Marcel Wanders
Von sich selbst behauptete der holländische Super Designer einmal, er hätte auch Bauer oder Zahnarzt werden können und wäre in diesen Berufen ebenso erfolgreich geworden. Die letzte leidvolle Zahnbehandlung im Hinterkopf ist man geradezu erleichtert, dass Marcel Wanders stattdessen seit bald 20 Jahren mit ungewöhnlichen, progressiven Möbelentwürfen die internationale Designszene aufmischt.

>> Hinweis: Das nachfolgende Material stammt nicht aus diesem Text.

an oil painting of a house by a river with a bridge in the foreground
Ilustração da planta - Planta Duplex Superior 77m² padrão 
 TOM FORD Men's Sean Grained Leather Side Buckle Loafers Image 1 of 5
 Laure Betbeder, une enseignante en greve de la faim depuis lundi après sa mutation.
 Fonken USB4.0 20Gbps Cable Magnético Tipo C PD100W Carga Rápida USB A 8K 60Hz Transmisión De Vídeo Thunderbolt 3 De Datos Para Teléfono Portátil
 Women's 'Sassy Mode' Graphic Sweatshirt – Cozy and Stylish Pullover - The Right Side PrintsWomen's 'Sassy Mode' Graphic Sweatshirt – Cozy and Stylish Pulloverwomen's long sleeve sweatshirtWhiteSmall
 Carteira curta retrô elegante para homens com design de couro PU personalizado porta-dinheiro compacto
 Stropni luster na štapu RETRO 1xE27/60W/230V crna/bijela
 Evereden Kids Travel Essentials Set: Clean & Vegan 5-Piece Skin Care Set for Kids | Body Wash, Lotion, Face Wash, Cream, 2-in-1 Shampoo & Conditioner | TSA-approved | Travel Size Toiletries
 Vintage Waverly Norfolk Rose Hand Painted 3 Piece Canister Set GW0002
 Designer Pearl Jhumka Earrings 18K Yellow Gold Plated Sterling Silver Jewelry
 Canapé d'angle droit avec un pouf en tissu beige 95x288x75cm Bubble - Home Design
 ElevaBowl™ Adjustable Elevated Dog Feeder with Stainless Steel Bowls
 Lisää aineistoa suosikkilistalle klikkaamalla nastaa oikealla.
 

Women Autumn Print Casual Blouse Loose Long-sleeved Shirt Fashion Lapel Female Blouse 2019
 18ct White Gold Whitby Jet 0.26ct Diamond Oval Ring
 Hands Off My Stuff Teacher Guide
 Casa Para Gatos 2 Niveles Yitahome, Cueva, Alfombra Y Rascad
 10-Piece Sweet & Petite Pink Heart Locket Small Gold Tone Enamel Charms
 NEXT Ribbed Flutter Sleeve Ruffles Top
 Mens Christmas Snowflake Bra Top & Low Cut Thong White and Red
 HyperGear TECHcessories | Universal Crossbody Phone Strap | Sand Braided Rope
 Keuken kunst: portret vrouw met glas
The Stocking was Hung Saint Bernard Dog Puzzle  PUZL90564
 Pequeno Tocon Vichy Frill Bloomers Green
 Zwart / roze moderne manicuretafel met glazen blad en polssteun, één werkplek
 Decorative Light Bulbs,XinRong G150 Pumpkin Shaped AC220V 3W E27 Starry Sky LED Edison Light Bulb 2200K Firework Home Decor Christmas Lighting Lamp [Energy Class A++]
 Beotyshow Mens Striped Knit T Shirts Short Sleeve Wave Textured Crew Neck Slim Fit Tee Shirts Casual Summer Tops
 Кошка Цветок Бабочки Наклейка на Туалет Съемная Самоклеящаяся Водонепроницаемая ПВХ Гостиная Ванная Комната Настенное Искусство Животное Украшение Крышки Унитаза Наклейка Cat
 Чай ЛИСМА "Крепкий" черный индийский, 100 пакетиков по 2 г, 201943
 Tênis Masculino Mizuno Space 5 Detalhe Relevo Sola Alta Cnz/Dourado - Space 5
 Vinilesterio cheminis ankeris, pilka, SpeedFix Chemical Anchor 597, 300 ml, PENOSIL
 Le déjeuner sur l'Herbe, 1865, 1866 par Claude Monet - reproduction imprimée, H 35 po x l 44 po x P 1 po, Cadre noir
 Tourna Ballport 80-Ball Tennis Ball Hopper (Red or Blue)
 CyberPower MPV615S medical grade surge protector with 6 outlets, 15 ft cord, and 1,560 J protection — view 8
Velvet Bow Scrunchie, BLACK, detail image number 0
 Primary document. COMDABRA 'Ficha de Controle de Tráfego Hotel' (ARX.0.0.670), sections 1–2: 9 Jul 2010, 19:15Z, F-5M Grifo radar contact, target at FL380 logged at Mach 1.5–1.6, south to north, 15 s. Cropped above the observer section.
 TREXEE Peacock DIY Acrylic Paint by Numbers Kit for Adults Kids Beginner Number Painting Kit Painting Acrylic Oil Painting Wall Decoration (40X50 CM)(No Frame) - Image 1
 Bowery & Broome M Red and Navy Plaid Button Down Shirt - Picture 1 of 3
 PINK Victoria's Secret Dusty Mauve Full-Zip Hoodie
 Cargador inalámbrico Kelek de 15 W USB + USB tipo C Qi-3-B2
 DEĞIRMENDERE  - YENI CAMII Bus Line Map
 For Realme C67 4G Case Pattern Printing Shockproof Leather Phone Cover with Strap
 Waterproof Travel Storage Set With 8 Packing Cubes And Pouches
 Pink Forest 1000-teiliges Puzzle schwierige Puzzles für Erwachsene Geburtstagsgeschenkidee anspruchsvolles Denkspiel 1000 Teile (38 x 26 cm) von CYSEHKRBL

Anfang der 90er Jahre schloss sich der Holländer der eben gegründeten Bewegung Droog Design an, einer Gruppe junger Kreativer, unter ihnen auch Richard Hutton und Jurgen Bey. Das Netzwerk fördert heute noch junge, unkonventionell arbeitende Designer und bewegt sich im Spannungsfeld von Kunst und Produktdesign. Die beteiligten Designer setzen sich humorvoll mit Fragen nationaler Identität, Funktionalismen und sozialer Verantwortung auseinander.
1995 gründete Marcel Wanders ein eigenes Designstudio, „Wanders Wonders“, das Anfang des neuen Jahrtausends durch gesellschaftliche Umstrukturierungen in der dazu neu gegründeten Firma „Moooi“ aufging. „Moooi“, eigentlich „Mooi“ ist das holländische Wort für „schön“. Gegenwärtig betreibt er in einer ehemaligen Autowerkstatt in Amsterdam das „Marcel-Wanders-Studio“, entwirft Möbel und Accessoires für international agierende Firmen, wie Cappellini, Moroso und Flos und ist Chef-Designer von Moooi.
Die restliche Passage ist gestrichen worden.